I have to say I was impressed – if you missed it, you can see it on the QS website here. I don’t say that because QS is a Legal Futures Associate, or even because it simply looked good. While I’m sure Lockings, Howlett Clarke and Burroughs Day were thrilled to see their names picked out for the advert, what I really liked was the message that firms only become (and presumably stay) QS members if they get the thumbs-up from their clients – ‘Chosen by you’ is the tagline.
The idea that it is the client who is ultimately in charge is a clever one because it subverts what I’m sure is most people’s expectation of their relationship with a solicitor and so makes QS an appealing option for those needing legal help. The way the firms are rebranded on screen to embrace the QS logo implies that these are practices that have bought into this and adopted a way of doing business that is consumer friendly.
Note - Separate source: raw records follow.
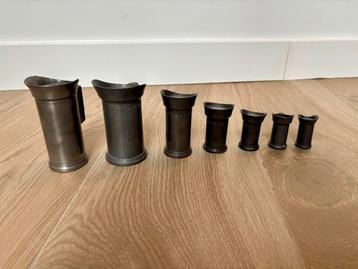 Complete set tinnen maatbekers – Frans tin – 7 stuks beschikbaar voor biedingen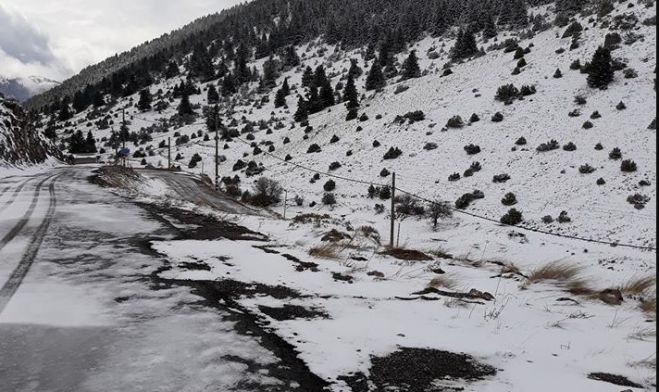 &Tau;&omicron; &chi;&iota;&omicron;&nu;&iota;&sigma;&mu;έ&nu;&omicron; &Mu;&alpha;ί&nu;&alpha;&lambda;&omicron; ... &mu;έ&sigma;&alpha; &alpha;&pi;ό &epsilon;&iota;&kappa;ό&nu;&epsilon;&sigmaf;!
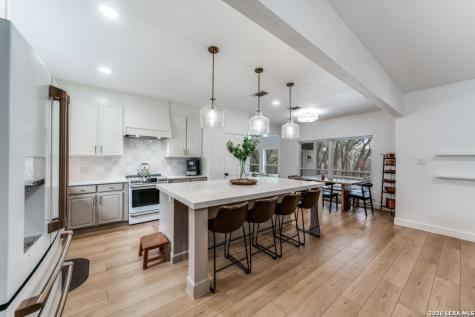 322 Dublin Circle Floresville TX 78114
I suspect that I am getting a bit overexcited by the advert simply because it is streets ahead of anything I can think of that came before from any other law firm or claims company. But then, given that to date advertising of legal services has generally been utterly woeful, this is to damn with faint praise.
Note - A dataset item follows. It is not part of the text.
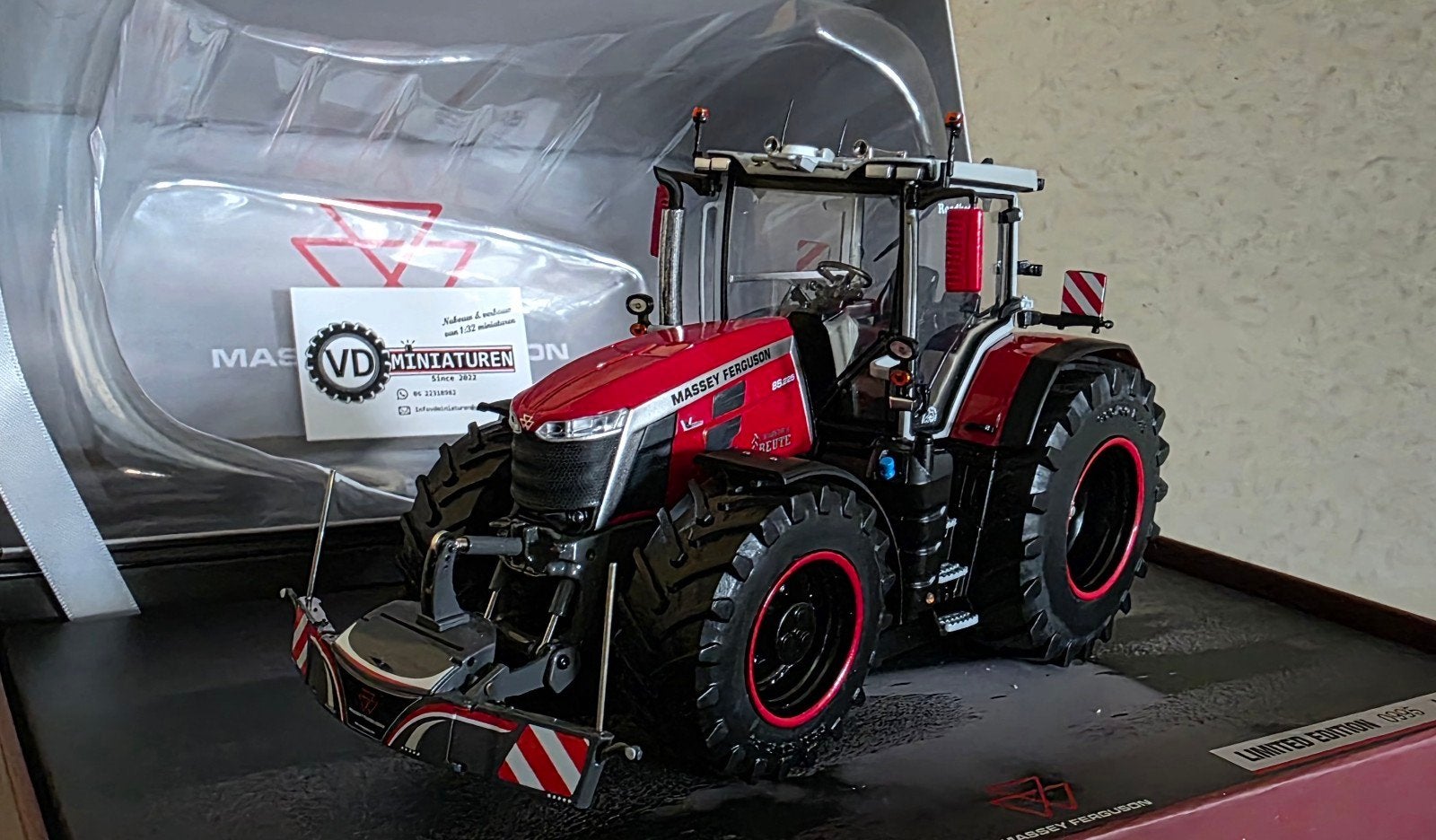 Verbouwde Massey Ferguson 8S.225 loonbedrijf Beute 1:32, Ophalen of Verzenden, Tractor of Landbouw, Universal Hobbies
But TV advertising, however slick and well thought-out, will only get QS so far. The website, for example, is slightly confusing in that when you search for QS lawyers in certain areas, different types of results are thrown up, reflecting that there are currently different levels of membership. I understand that this is to change over the coming months as more firms take on the QS brand.
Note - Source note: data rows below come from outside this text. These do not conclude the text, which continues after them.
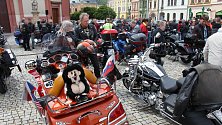 Motorkáři se u kostela v Hranicích sjeli na motomši. 30. května 2020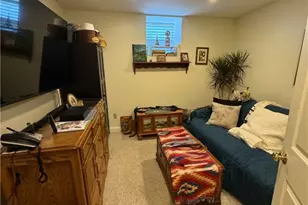 1319 Riverside Dr, Bridgewater, PA 15009 - Photo 14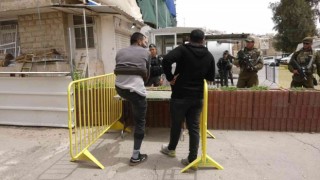Binlerce Müslüman, Ramazan ayının ilk cumasında İbrahim Camiine akın etti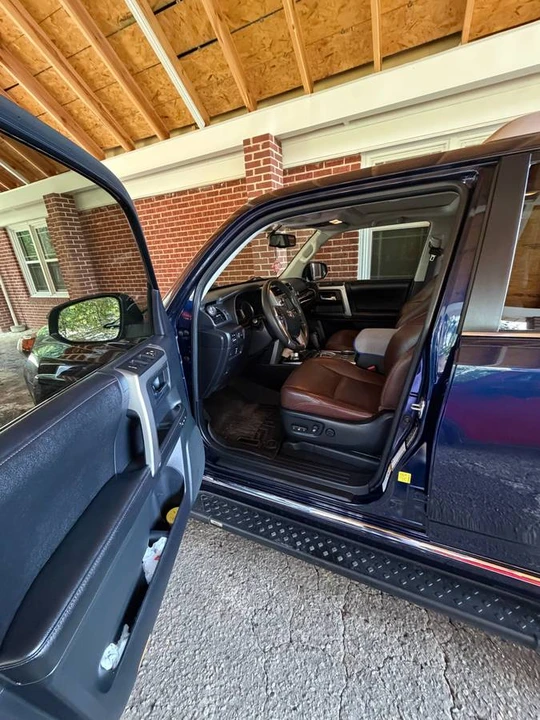 2016 Toyota 4Runner 5th Gen - Image 9 of 16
But more importantly, now is the time for the firms in the network to live up to the promise and deliver their services in the more consumer-focused manner promised. There is clearly a lot at stake for them, but having chosen to subsume their brands into QS (even including their URLs in some cases), their commitment to the concept is unambiguous. Good luck to them.
Perhaps appropriately, the advert was shown during ‘Who Wants to be a Millionaire?’. QS and its member firms have got some of the way up the ladder, but there is still a distance to go before they hit the jackpot and the questions asked of them will only get tougher.
I really do feel that QS are to be congratulated on an advert which manages to avoid all of the usual legal symbols and stereotypes whilst still putting across a message which is comfortingly traditional. Its slight similarity to the Lloyds TSB adverts adds familiarity without in any way detracting from what is, for lawyers, a unique event.
Well, that has raised the stakes on the high street – perhaps not before time!